# [YOUR TASK]
Within the listing below, please copy exactly the lines between the line holding "Gucci GG Marmont" and the line holding "Dyne Test Pens", inclusive.

# [THE INPUT]
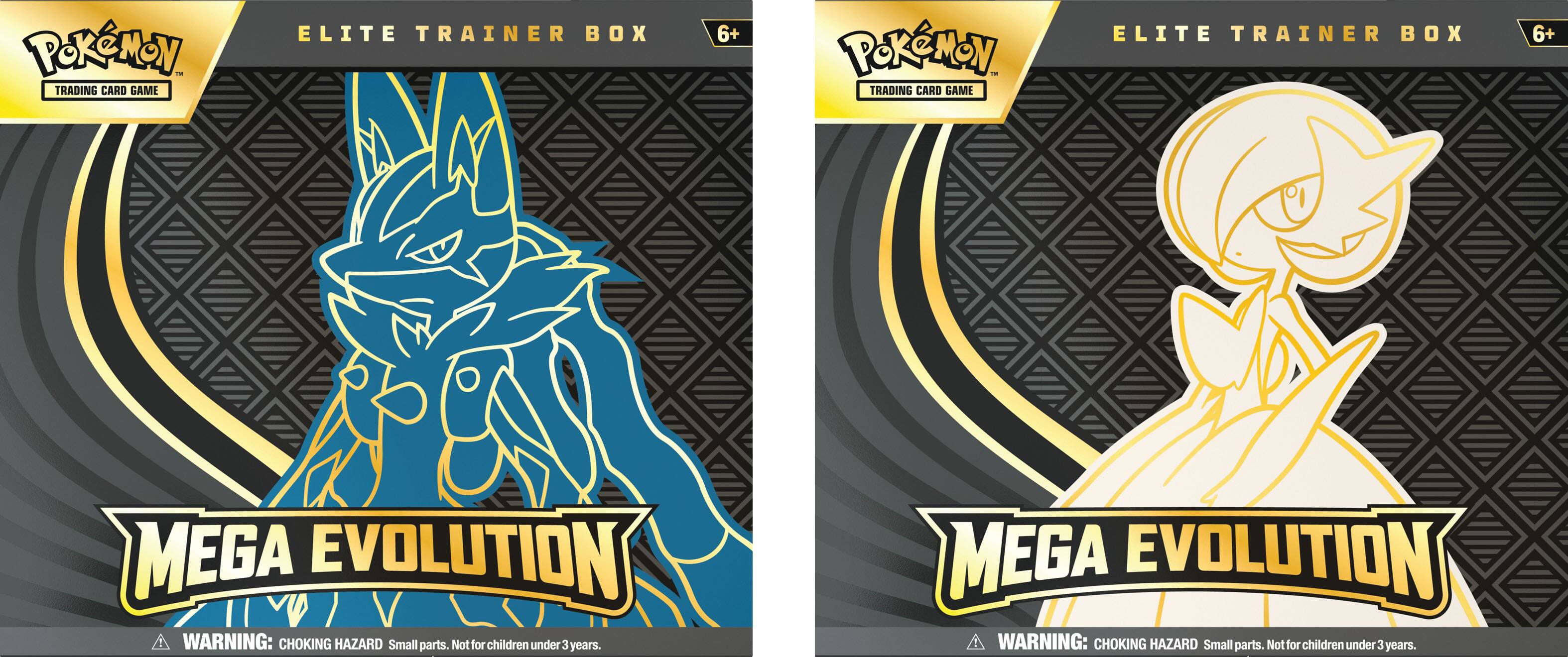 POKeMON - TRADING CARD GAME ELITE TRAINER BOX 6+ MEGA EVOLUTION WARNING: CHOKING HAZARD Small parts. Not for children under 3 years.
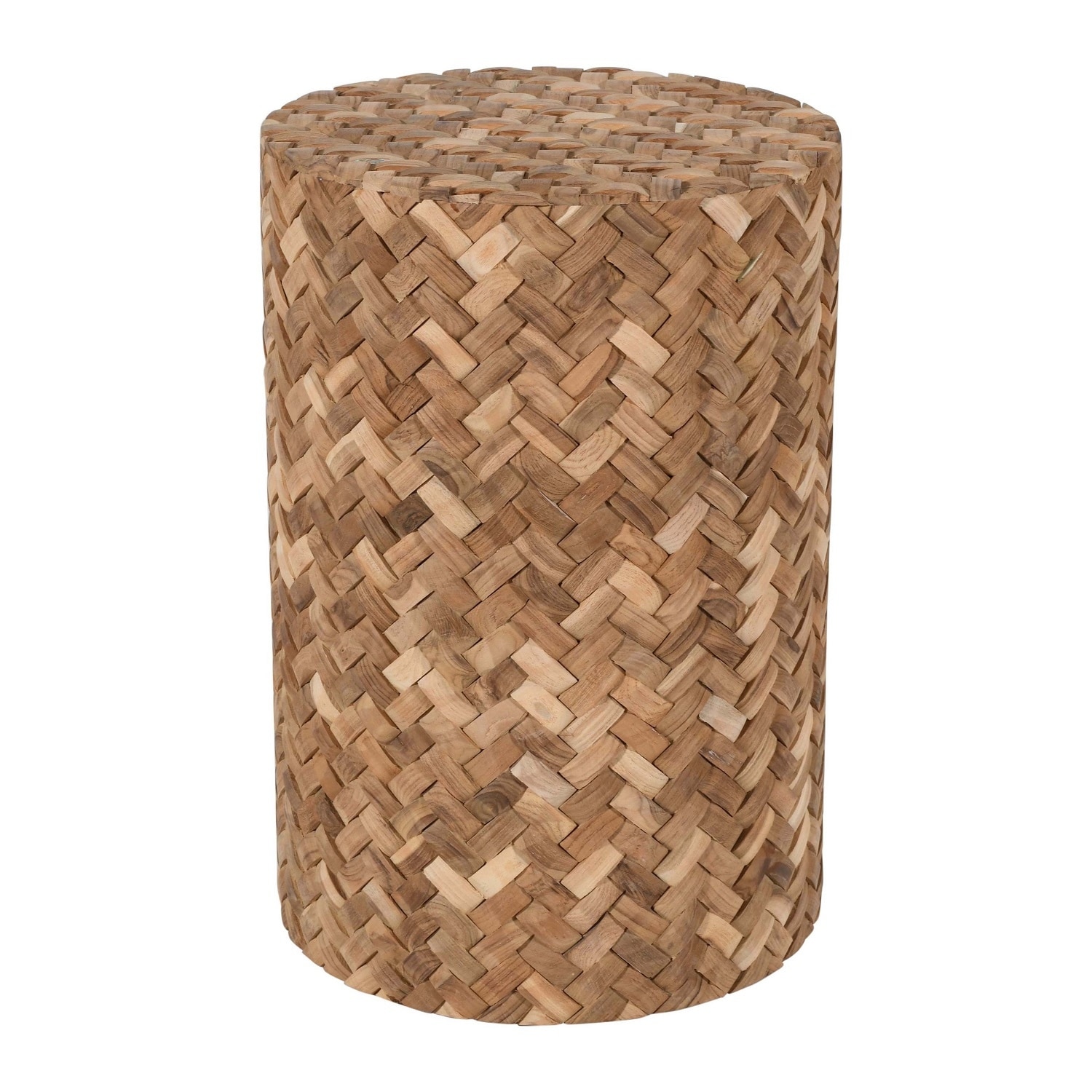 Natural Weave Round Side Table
==
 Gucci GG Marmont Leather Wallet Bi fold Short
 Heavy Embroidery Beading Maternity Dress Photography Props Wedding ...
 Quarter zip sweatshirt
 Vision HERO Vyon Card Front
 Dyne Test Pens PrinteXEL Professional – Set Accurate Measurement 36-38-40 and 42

# [WRITTEN RESPONSE]
 Gucci GG Marmont Leather Wallet Bi fold Short
 Heavy Embroidery Beading Maternity Dress Photography Props Wedding ...
 Quarter zip sweatshirt
 Vision HERO Vyon Card Front
 Dyne Test Pens PrinteXEL Professional – Set Accurate Measurement 36-38-40 and 42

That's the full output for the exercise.